Zee Media Bureau
New Delhi: NASA's Cassini-Huygens spacecraft has long since been treating viewers and space enthusiasts alike to stunning images of Saturn in all its mighty glory, along with its moons, Tethys, Titan and Enceladus.
NASA has been updating us with every revelation connected to Saturn and its gradual evolution with Cassini making super close flyby's to capture the best images, be it the ice on Enceladus and finding a global ocean on it, or the most recent one being how Tethys and Enceladus joined to make a bullseye-like pose for Cassini's camera!
The latest photograph posted by NASA is of how gigantic Saturn is and how small its moons look in comparison. Saturn is around 10 times the diameter of planet Earth and with a diameter of about 72,400 miles (116,500 kilometers), the planet simply dwarfs its entourage of moons.

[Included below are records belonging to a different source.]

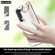 Samsung Galaxy S23+ Non-slip Full Coverage Ring PU Phone Case with Wristband - White Samsung Galaxy S23+ Non-slip Full Coverage Ring PU Phone Case with Wristband - White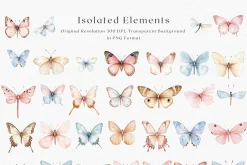 Spring Wings - Butterflies Clipart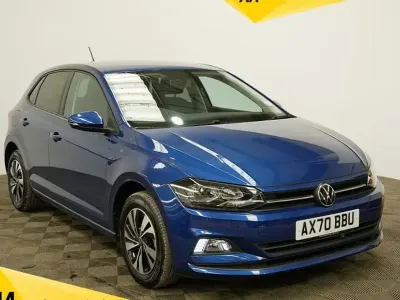 Used VW Polo Match 95 HP (69 kW) 2021 Blue Hatchback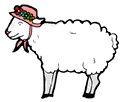 Lamb Wearing Bonnet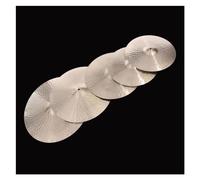 Professional Cymbals Handmade Cymbal 5 Pieces Of 14'' Hihat /16'' Crash /18'' Crash /20'' Ride Drum Set Cymbals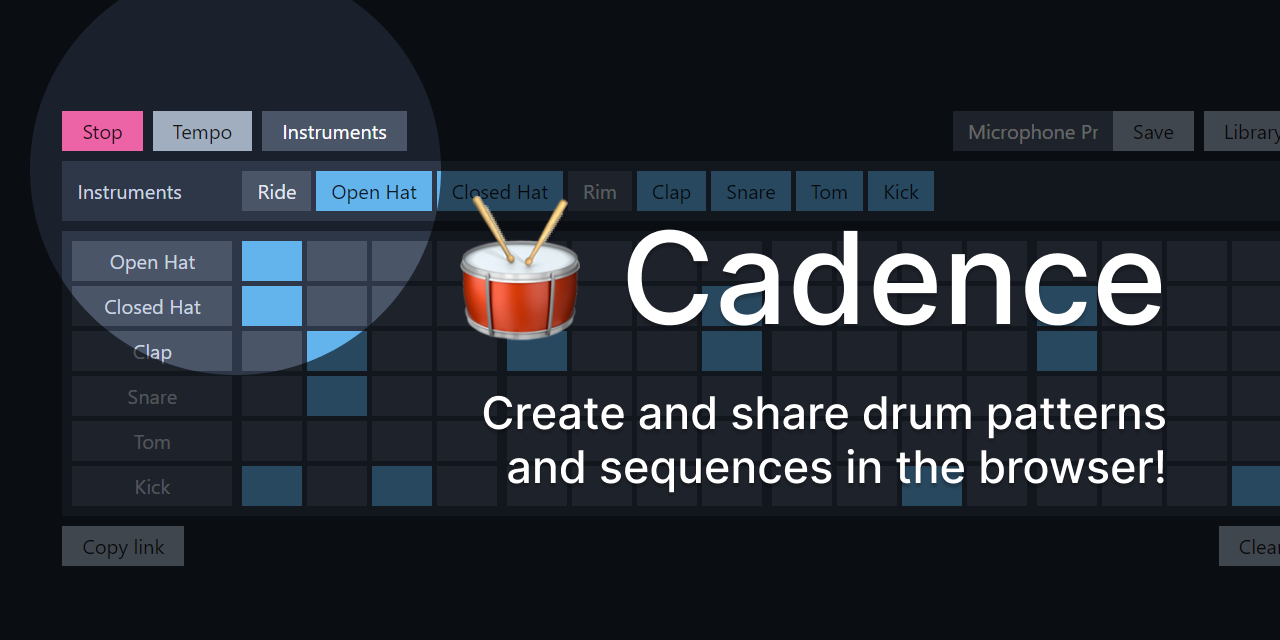 Promotional screenshot of Cadence app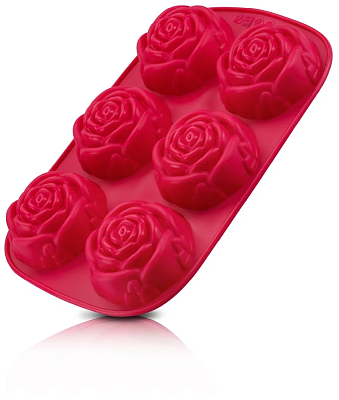 Форма Regent Inox Silicone для кексов Розочки 6 ячеек 28*18*3 см 93-SI-FO-23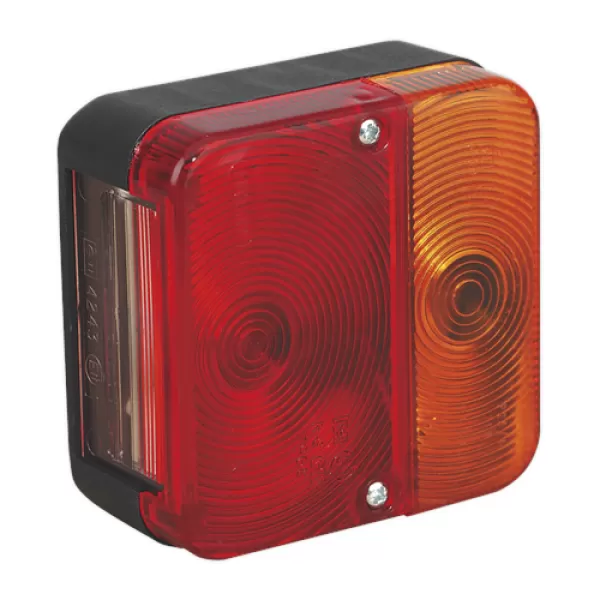Image of Genuine SEALEY TB18 Rear Square Lamp Cluster 12V with Bulbs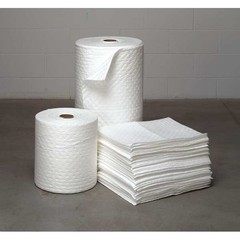 Brady Sxt100 Sorbent Pad, 19 Gal, 15 In X 19 In, Oil, White, 100 Pk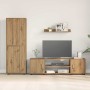 Conjunto de mueble de TV 4 pcs Roble artesanal en Muebles TV | Comprar online en Foru.es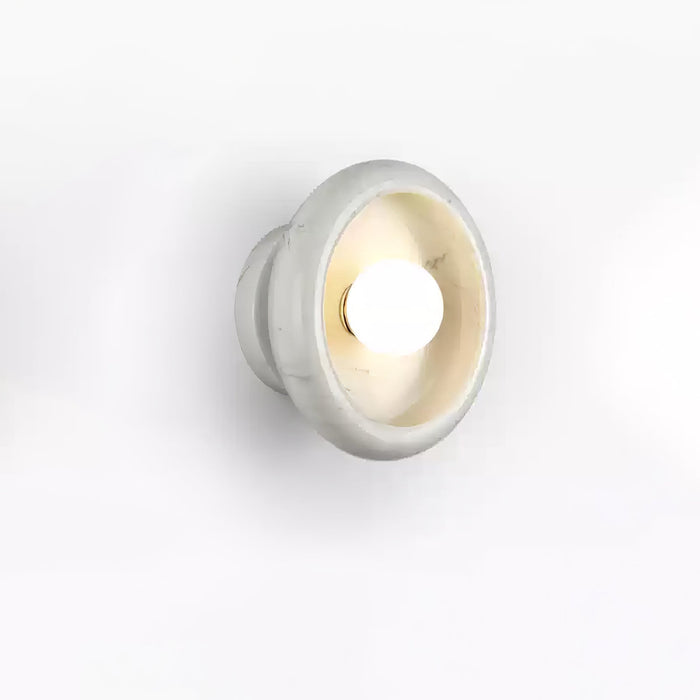 Eclipse Jade Alabaster Wall Sconce - Simprolos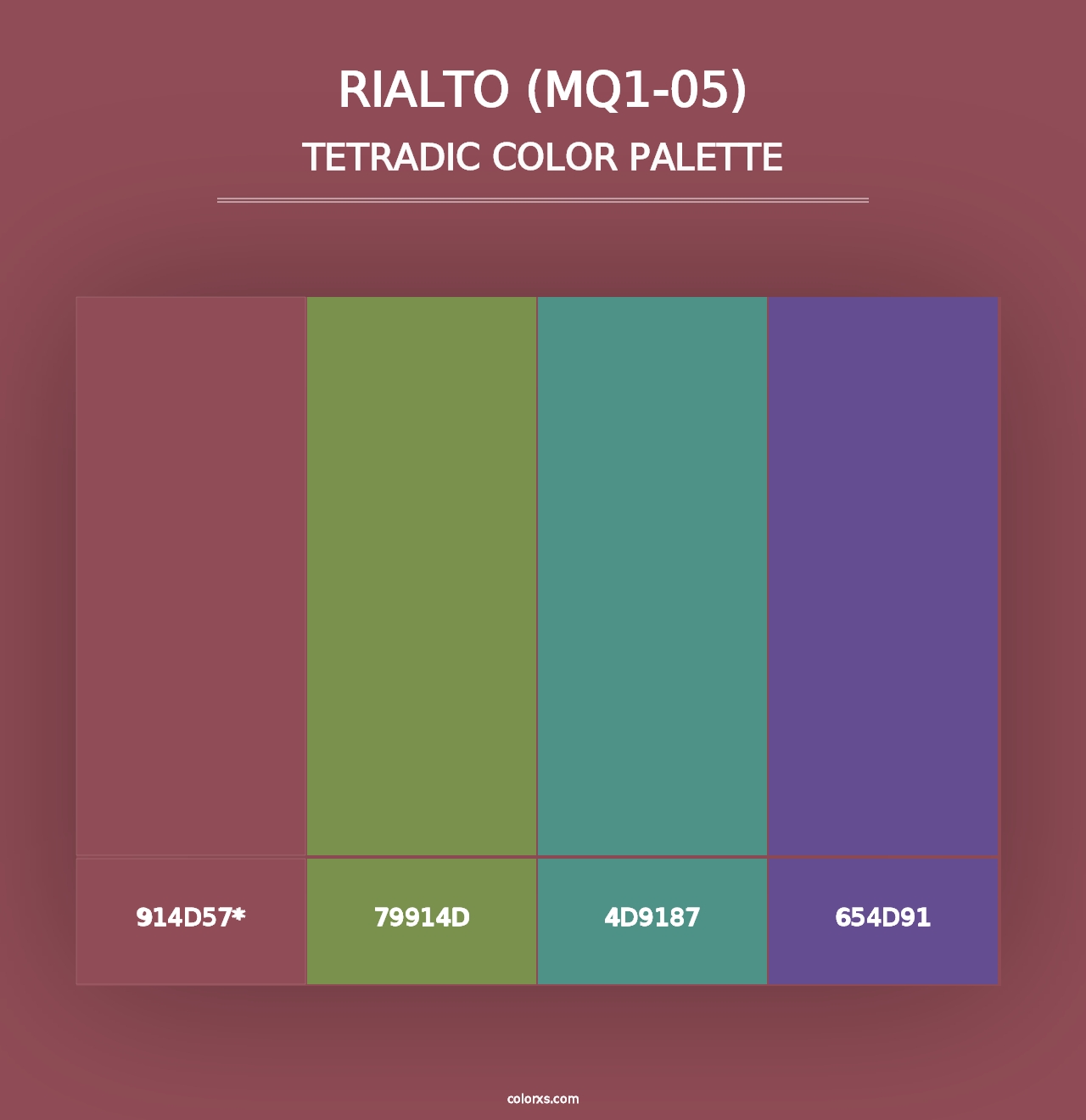 Rialto (MQ1-05) - Tetradic Color Palette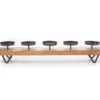 Wood & Metal 5-Tier Pillar Candle Holder -Broyhill 810548907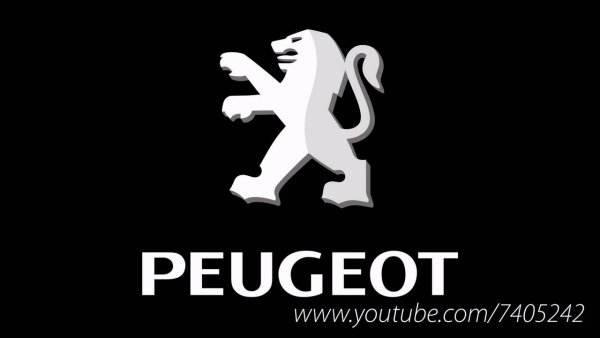 Логотип Пежо на черном фоне
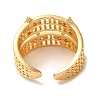 Rack Plating Brass Micro Pave Clear Cubic Zirconia Cuff Rings for Women RJEW-G325-13B-G-3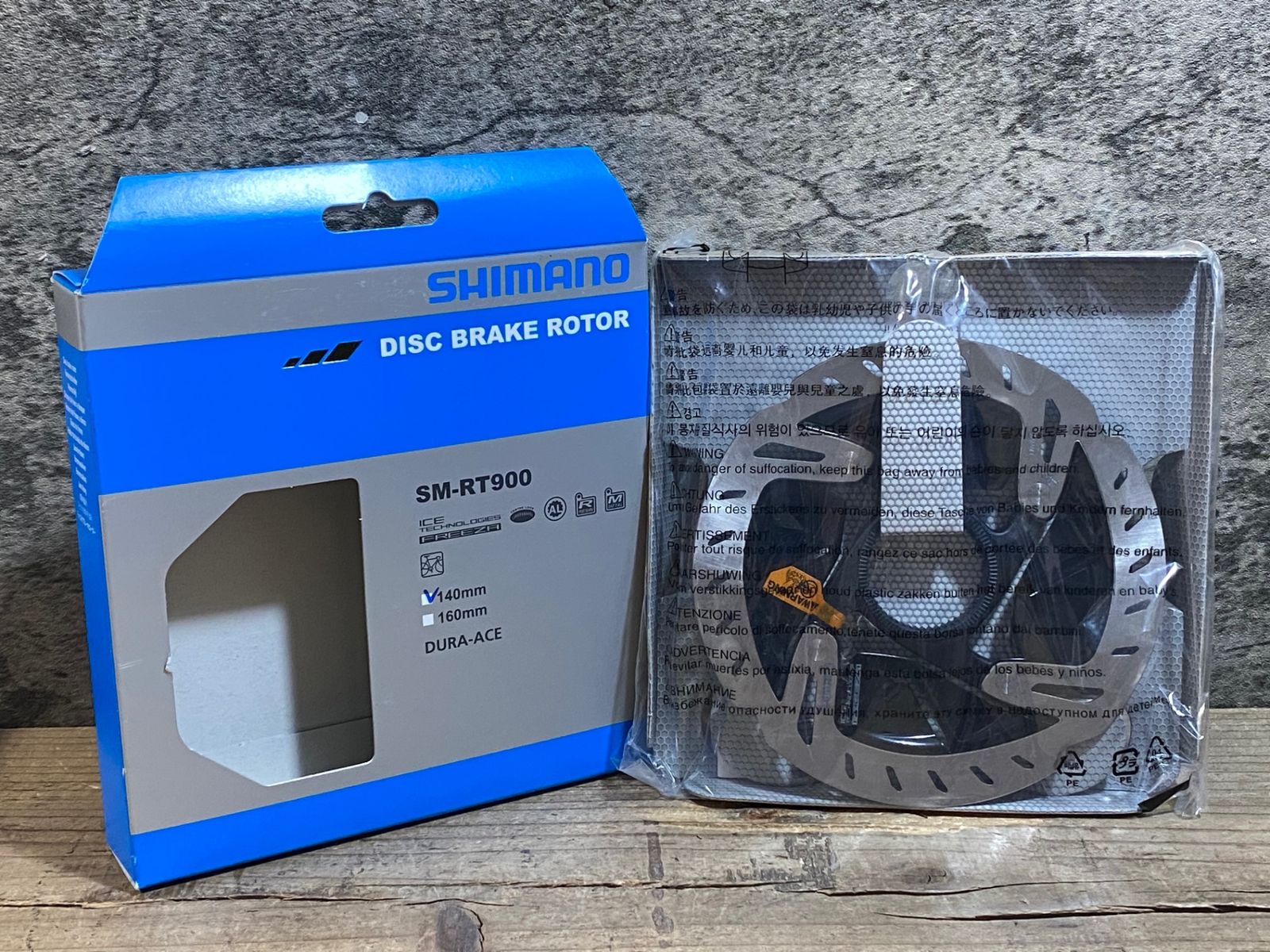 KD739 シマノ SHIMANO デュラエース DURA-ACE SM-RT900 ディスクブレーキローター 140mm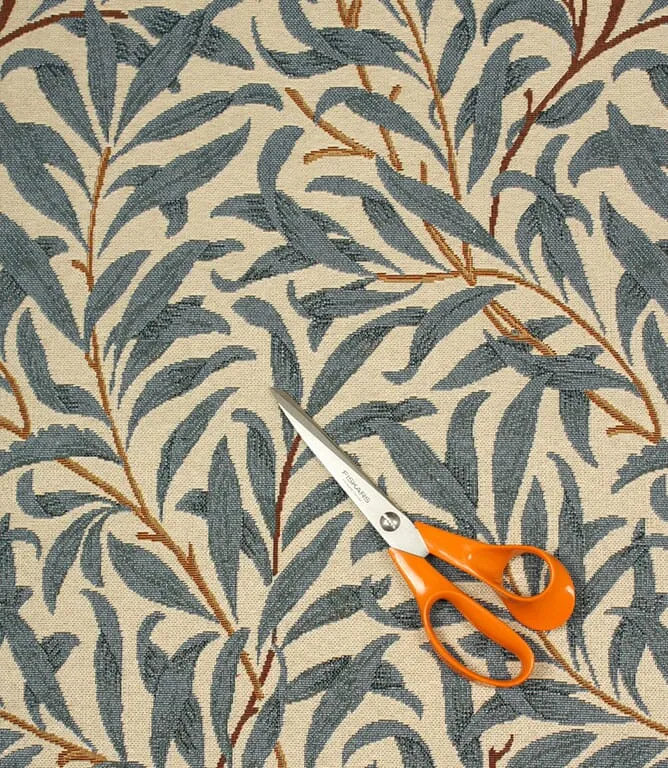 Willow Bough Tapestry Fabric Azure - Image 4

Tethys, one of Saturn's moons, has been photographed at about 660 miles or 1,062 kilometers across the giant planet.
As per NASA, This view looks toward the sunlit side of the rings from about 8 degrees above the ring plane. The image was taken with the Cassini spacecraft wide-angle camera on March 7, 2015 using a spectral filter that preferentially admits wavelengths of near-infrared light centered at 752 nanometers.
The view was acquired at a distance of approximately 1.6 million miles (2.6 million kilometers) from Saturn. Image scale is 10 miles (16 kilometers) per pixel. Tethys is slightly closer at 1.5 million miles (2.4 million kilometers) away, for an image scale of 9 miles (14 kilometers) per pixel.